LBS Bina Group Bhd, which continuously strategises to help the property industry amidst the Covid-19 pandemic, has unveiled its wish list for Budget 2022 which will be tabled in Parliament on Oct 29.

A strong housing market will have a positive multiplier effect on the economy. As such, LBS proposes to the government several measures in Budget 2022 to stimulate the housing economy as the nation progresses towards recovery.

Permanent implementation of the Home Ownership Campaign (HOC)The HOC has been a welcome boost for property developers in generating property sales as buyers grew more cautious due to the pandemic.

As the country returns to pre-pandemic normality, LBS has witnessed the positive impact of the HOC on the property market and hopes the government will consider a permanent implementation of the HOC along with full stamp-duty exemption for up to the first RM1mil of the property’s purchase price.

This will ensure the entire supply chain of the construction and property development industry will continue to carry on without disruption while buying sentiment remains.

Relaxation of requirements for Malaysia My Second Home LBS has been a proud supporter of the Government’s MM2H programme as it has created a positive effect in attracting foreign nationals to settle in Malaysia.

The group hopes that the government will consider:

> Lowering the qualifying minimum income for an applicant back to the original RM10,000 per month.

> Reducing the minimum amount of liquid assets to RM500,000 compared to RM1.5mil.

> Reducing the minimum amount of fixed deposits in a Malaysian bank account to RM300,000 compared to RM1mil.

> Maintaining the duration of the MM2H pass at 10 years.

LBS believes these proposals are sufficiently stringent to attract skilled foreign nationals and ensure the continued success of the MM2H programme.

Incentives for adoption of Industrialised Building System

LBS is aware that timely handover of vacant possession for properties is an important obligation on developers’ part. Therefore, it advocates the usage of the IBS, a system which has been proven to reduce construction time and cost without compromising on housing quality.

LBS lauds the government’s initiatives in encouraging the use of IBS by providing investment tax allowances of 60% on qualifying capital expenditure incurred within five years, which can be offset against up to 70% of the statutory income of the company.

The group, however, hopes that the government will consider extending these tax incentives to include existing IBS players, rather than ring-fence the incentives to new players only.

With this, LBA would be able to channel the further savings to facilitate expansion and increase their research and development into growing its use of IBS technology.

Reduction in compliance costsDevelopers have seen their business impacted by the pandemic, with work being halted intermittently due to government restrictions.

LBS therefore hopes that the government will introduce measures to assist developers.

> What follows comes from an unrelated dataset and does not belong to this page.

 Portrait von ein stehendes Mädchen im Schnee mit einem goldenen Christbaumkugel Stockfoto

For instance, LBS wishes for the government to reduce compliance costs borne by developers by reducing development charges, land conversion premiums or strata title application.

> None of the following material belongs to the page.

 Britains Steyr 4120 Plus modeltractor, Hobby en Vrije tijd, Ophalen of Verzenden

Any savings from these measures would be hugely beneficial and can be passed on to homebuyers via a more affordable pricing point.

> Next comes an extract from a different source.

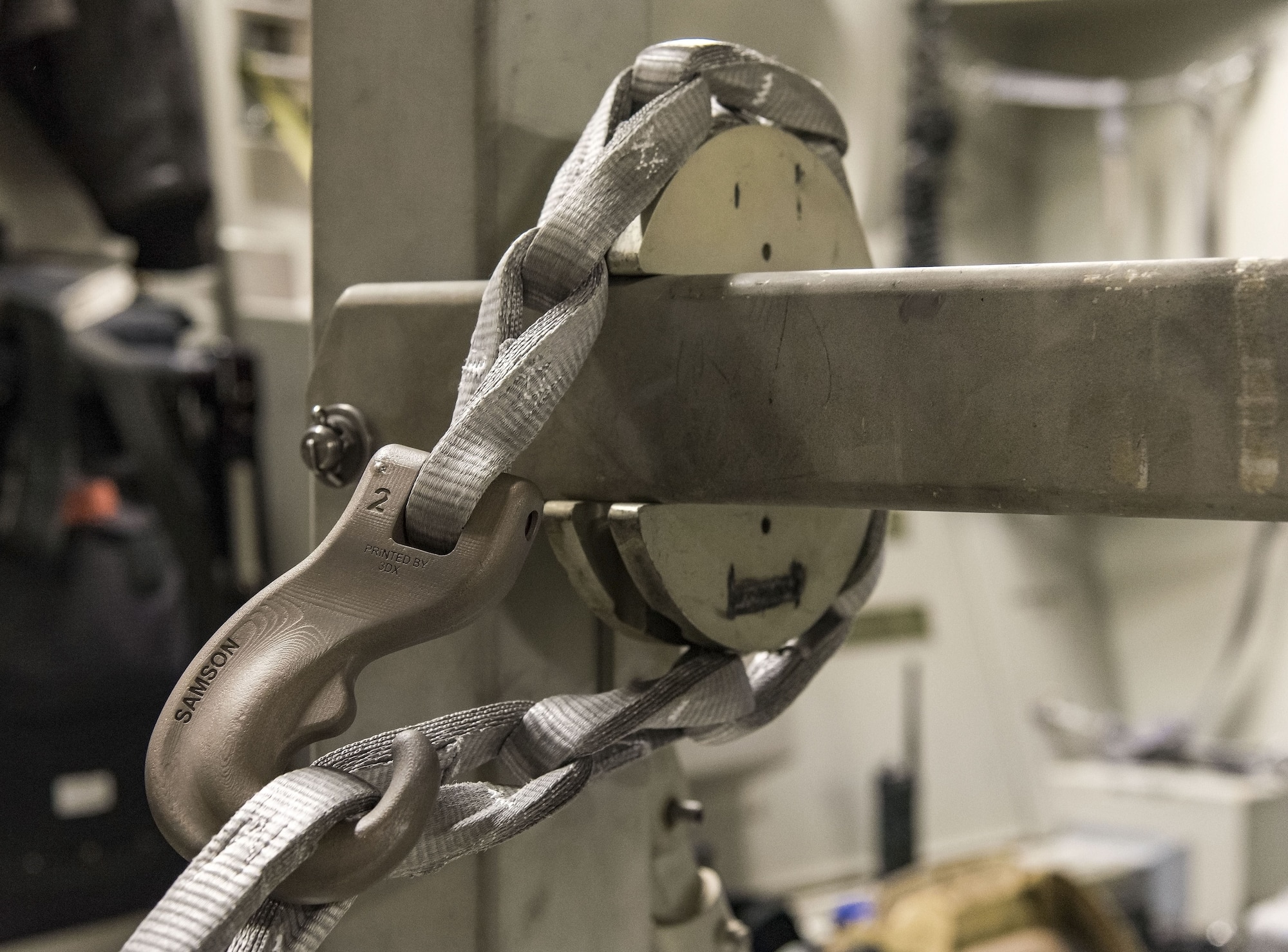 A synthetic tie-down chain rests in the slotted interface designed for steel chains used on a buffer stop assembly, Jan. 30, 2018 at Dover Air Force Base, Del. The buffer stop assembly is a device used during specific C-17 Globemaster III airdrop missions to keep pallets from shifting forward in the cargo compartment. (U.S. Air Force photo by Roland Balik)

Incentives to counter the rising cost of materialsThe fluctuations and rising cost of building materials such as steel and cement will likely have an adverse impact on the cost of housing.

To illustrate, the price of steel rose between 25% and 30% over a two-month period from November 2020 to January 2021. The price volatility increases the pressure on contractors and developers as they are faced with additional costs from both building materials and SOPs compliance costs.

To counter this, LBS hopes that the government will consider implementing a levy to reduce costs or introduce strict control prices over building materials.

LBS opines that this will ensure developers do not pass on the increased cost of materials to homeowners.

Reduction in minimum threshold for foreign property ownershipThe current property overhang situation is a concern for developers.

To ease this, LBS hopes that the current price threshold for foreigners seeking to buy a property in Malaysia be reduced to RM500,000 for all states.

Moving forward, this enables property developers with high unsold inventories to free up cashflow for other property developments.

Waiver of levy on foreign labour in the construction sectorThe construction sector relies heavily on foreign labour. However, the costs associated with bringing in foreign labour may be high.

Therefore, LBS hopes that the government will consider a waiver on the levy for foreign workers.

This would help reduce the construction cost which in turn will reduce the development cost of properties thus making homes more affordable.

“We hope that Budget 2022 will consist of the right stimulus policies to improve the property development sector as well as support homebuyers’ quest to purchase property,” commented LBS executive chairman Tan Sri Lim Hock San.

“With the pandemic and implementation of movement restriction, the market has been sluggish and caused uncertainty among investors.

“Thus, with the right aid from the Government, this could lead to an increase in home ownership for Malaysians.”